S’ingannò però a partito, e si accorse quanto erano senza fondamento i suoi giudizî. Fu egli avvisato, che se non volea esporsi al pericolo, si guardasse dall’appressarsi al lido; e siccome volle egli non ostante avvicinarsi, conobbe con effetto che i Messinesi diceano da dovvero: una scarica di cannoni fe fischiare le palle attorno le di lui orecchie, e poco mancò che non vi restasse ferito. Fu dunque costretto a cedere, e a ritirarsi con vergogna a Milazzo (1765).
Quantunque il marchese di Bajona fosse pieno di maltalento contro i Messinesi, e risoluto di domarli colla forza, volle non [396] ostante tentare, se colle buone potesse ridurli a sottomettersi, ed in questo intendimento promulgò in Milazzo un indulto, in cui promettea di perdonare tutti i delitti commessi in Messina dai 7 di luglio in poi, purchè ritornassero quei cittadini all’ubbidienza del sovrano. Replicò la stesa promessa ai 23 di agosto, ma sempre inutilmente. Allora vedendo chiuso il varco a qualunque modo di ridurli colle buone, si determinò di adoprare la forza, e chiamò a Milazzo le truppe regie, ch’erano sparse per il regno, intimò a’ baroni il servigio militare, e scrisse in Calabria, e in Napoli, perchè se gli spedissero delle soldatesche. Con queste fe rinforzare i castelli, ch’erano del re, e mandò de’ soccorsi all’assediato strategoto.

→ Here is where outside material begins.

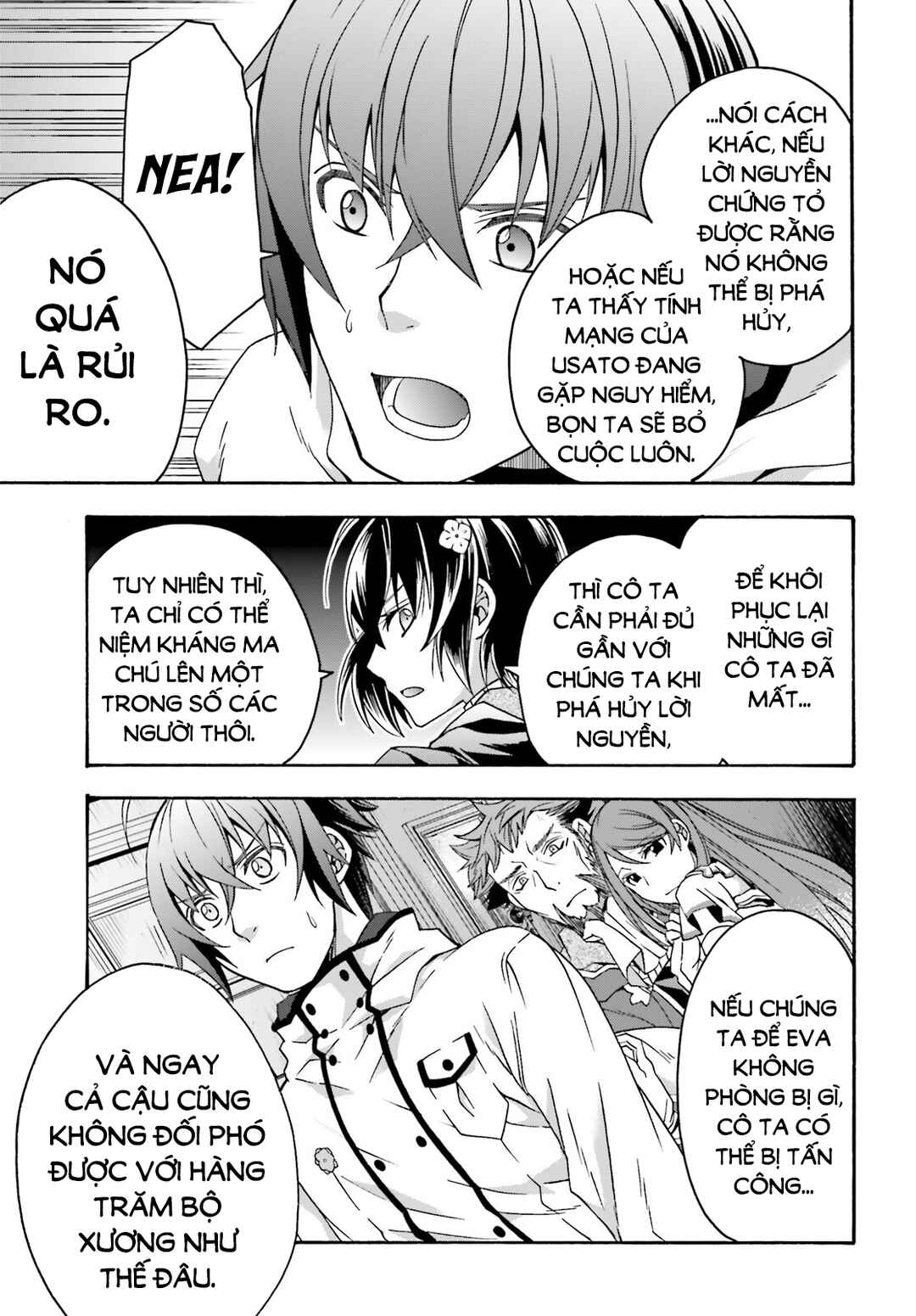 Chiyu Mahou no Machigatta Tsukaikata ~Senjou wo Kakeru Kaifuku Youin~ Chapter 57 - Page 29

Ricusato ogni progetto di accomodamento, e divenuti più insolenti i Malvizzi, fecero una orrenda strage de’ Merli, e si prepararono alla difesa della città. Prima di ogni altro guernirono di soldati le fortificazioni, che appartenevano al senato, assoldando gente armata nelle terre del distretto, e munendo quei castelli di viveri, e di tutte le necessarie provigioni da guerra.